Exercise material —
|---|
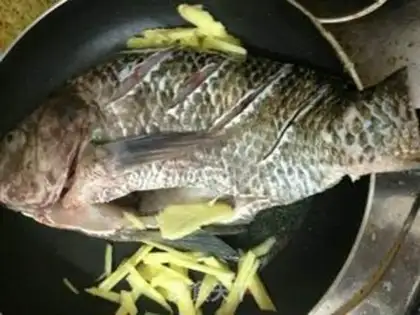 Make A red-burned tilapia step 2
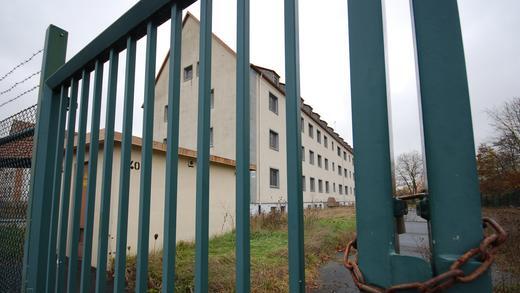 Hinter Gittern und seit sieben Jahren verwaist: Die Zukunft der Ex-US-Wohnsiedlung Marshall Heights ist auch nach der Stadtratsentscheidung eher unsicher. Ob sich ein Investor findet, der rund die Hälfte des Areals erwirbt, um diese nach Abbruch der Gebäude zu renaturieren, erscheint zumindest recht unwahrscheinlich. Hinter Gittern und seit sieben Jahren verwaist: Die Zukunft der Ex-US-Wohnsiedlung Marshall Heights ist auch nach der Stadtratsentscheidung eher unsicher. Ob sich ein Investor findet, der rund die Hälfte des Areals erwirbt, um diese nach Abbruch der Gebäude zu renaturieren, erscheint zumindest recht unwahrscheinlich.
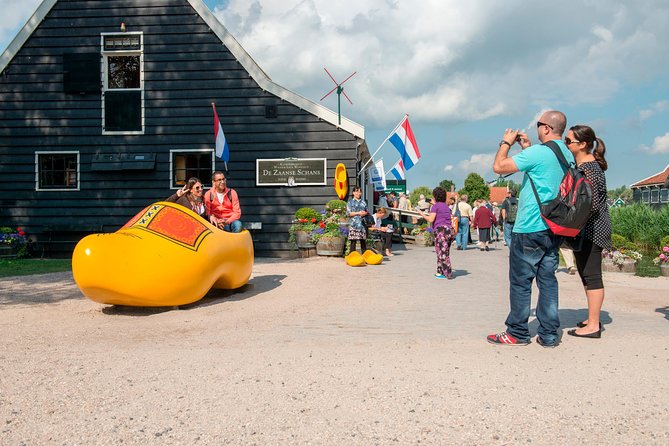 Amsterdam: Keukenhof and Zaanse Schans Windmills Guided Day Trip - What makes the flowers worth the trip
|---|
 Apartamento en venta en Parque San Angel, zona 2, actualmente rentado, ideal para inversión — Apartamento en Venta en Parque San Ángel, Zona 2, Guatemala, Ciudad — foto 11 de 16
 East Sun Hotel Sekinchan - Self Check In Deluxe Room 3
|---|
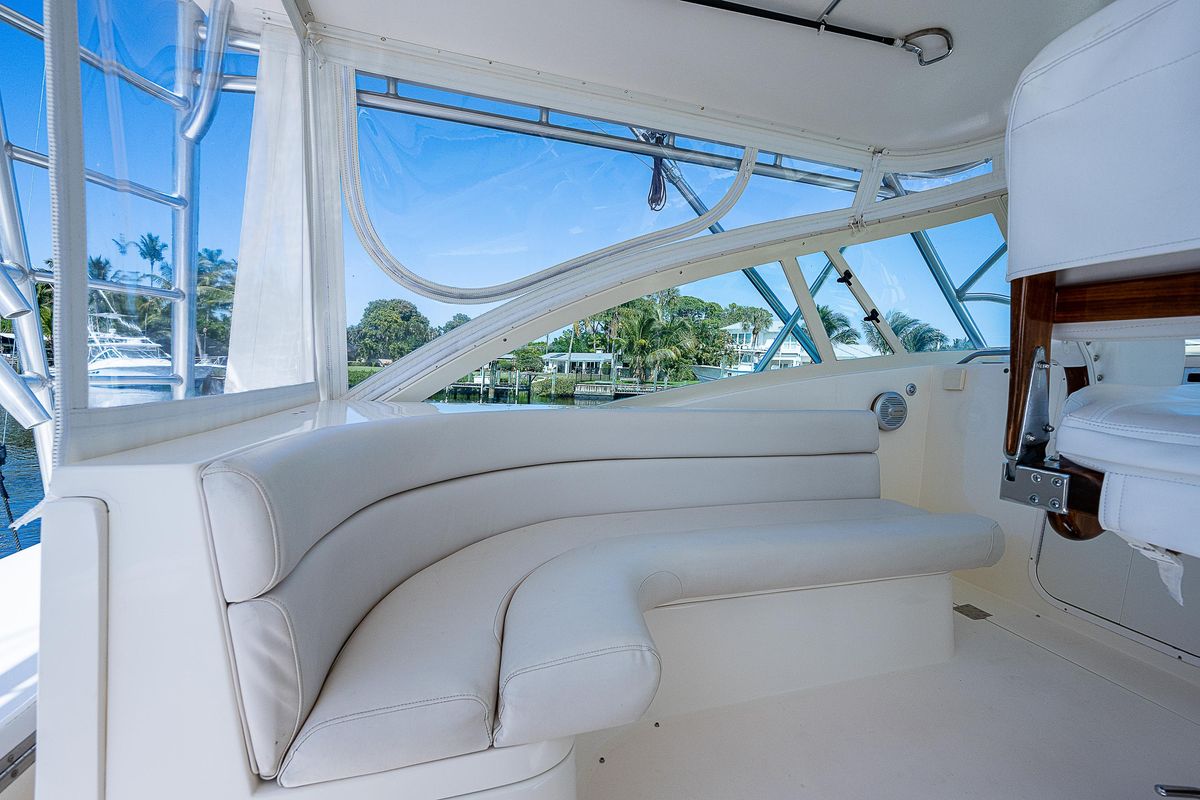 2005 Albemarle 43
|---|
Required work — Starting at the line above that contains "Apartamento en venta en Parque San Angel, zona", write out each line exactly until the line that contains "East Sun Hotel" has been written, and stop there.

Task answer —
 Apartamento en venta en Parque San Angel, zona 2, actualmente rentado, ideal para inversión — Apartamento en Venta en Parque San Ángel, Zona 2, Guatemala, Ciudad — foto 11 de 16
 East Sun Hotel Sekinchan - Self Check In Deluxe Room 3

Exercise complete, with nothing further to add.